Yeah, I’m no expert at any of this. I spent the better part of 3 or 4 days working on the content of the first posts here to try to understand it. TBH, I still have to go back to my notes when working with the more complex stuff.
but technically I don’t think have to use a variable. You could just substitute the stuff after the “set t1 =” part into everywhere you have t1 in the rest of the template. but that would get really messy. it’s cleaner to use that variable.
and also to make it a bit simpler you didn’t have to convert now to a timestamp. You could have gone straight to a string then when you use strptime it would convert the string to a time object for the comparison:
{%- set t1 = now().strftime('%H:%M') %}
{% if strptime(t1, '%H:%M') < strptime('09:30', '%H:%M') or
strptime(t1, '%H:%M') > strptime('12:30', '%H:%M') %}
Do_Something
{%- endif %}
Interesting. But I tried to substitute everything after the “set t1=” directly into the if statement, but HA complained about token irregularities and what not.

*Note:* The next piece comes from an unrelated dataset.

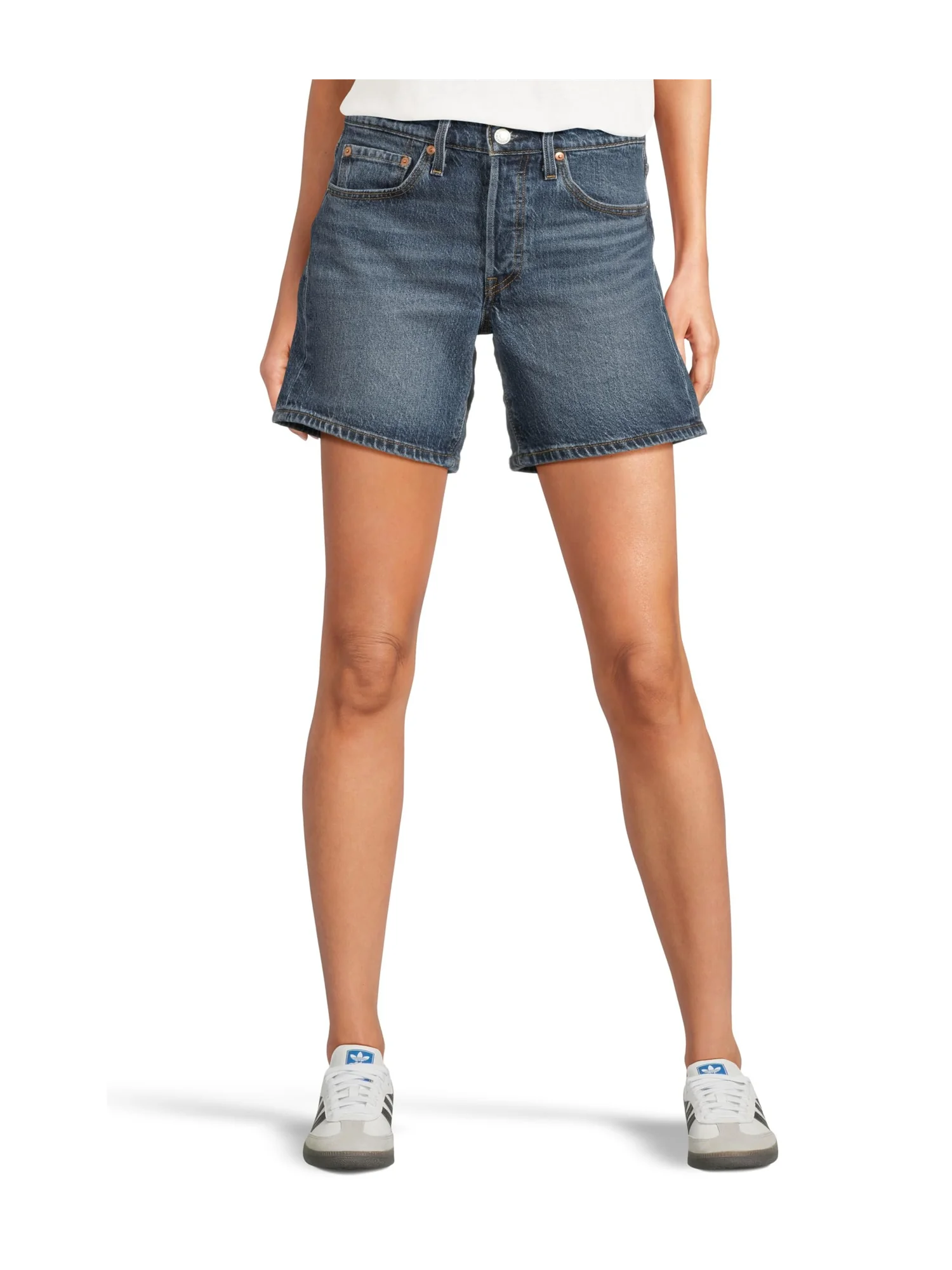 Шорты Levi's Premium 501 Mid Thigh Shorts, цвет Broken Midnight No DX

I must say that I do find these things overly complex. And finding documentation without presumption that your are already a python or java programmer with 10 years experience, makes it even harder. Take for instance the strftime and strptime operators (I don’t even know if calling them operators is correct?), I assume that someone “made” up these two words with something logical in mind. So probably str means string, and time is of course obvious, but the letter ‘f’ and ‘p’ stuck in between there? What do those mean? It would have been nice to know. it makes it easier to remember if you know what meaning or words these letters represent… just a sigh
Anyway, thanks for your suggestion. I’ll try it later.For now, at least, it works as-is.
as far as the p & f I really don’t know where they came from but it helps me remember which is which using strftime = “string from time” and strptime = not string from time so it’s “time from string”.
That’s a good one
Thank you so much for your assistance. However, sometimes I do not understand the do’s and dont’s of the template editor. It fails on this one:
Thank you so much. You’ve yet again solved one of the great syntax mysteries.
( I wonder what pleasure the creator had in making things so complex and completely unlogical)
finity: could you have a look at “Chicken Eggs!” ??? - I think it needs your time wizzardry skills and I think I’m going to have to read this thread twice a day and practice for a month to get my head round this.
I don’t think it needs Phil’s “Sun Enhancement” just subtract one time from another, subtract a few more hours and then output as minutes.
Also I’m not sure that you noticed but I made the first posts able to be fully copied into the template editor so you can copy them over and play with them to get different results.
In milliseconds - 1544817447000 (which is another can of worms).
Yes, the time stated should be the local time and the bit on the end simply tells you the relationship of that time string to UTC.
Coming a bit late to this but the best way I found of visualizing this, is to think of time & date as a number. Wherever you are on the globe, everyone is at the same instantaneous number - the UNIX timestamp - UTC.
The number (or TZ) on the end of the string representation, tells you what that number string is relative to UTC (or GMT or Zulu time) where a minus is behind (midday is later) and plus is ahead (midday is earlier) than if you were on UTC.
So if your timezone is -5, you are 5 hours behind so when UTC is 19:00, local time to you is 14:00 but in ISO format that is 14:00-05:00 not 19:00-05:00
Without a timezone, the time & date string is always assumed to be local.
Would anyone have a way of explaining how to use the input_datetime component for comparison?
Specifically just the has_date: false/has_time: true usage.
When trying to use the timestamp attribute in this configuration, it only produces the number of seconds from midnight of the current day when used in templates which doesn’t play well with as_timestamp’s use of the Unix starting point.
I’m trying to use the time entry at the input_datetime component in the frontend to trigger an action everyday at that time.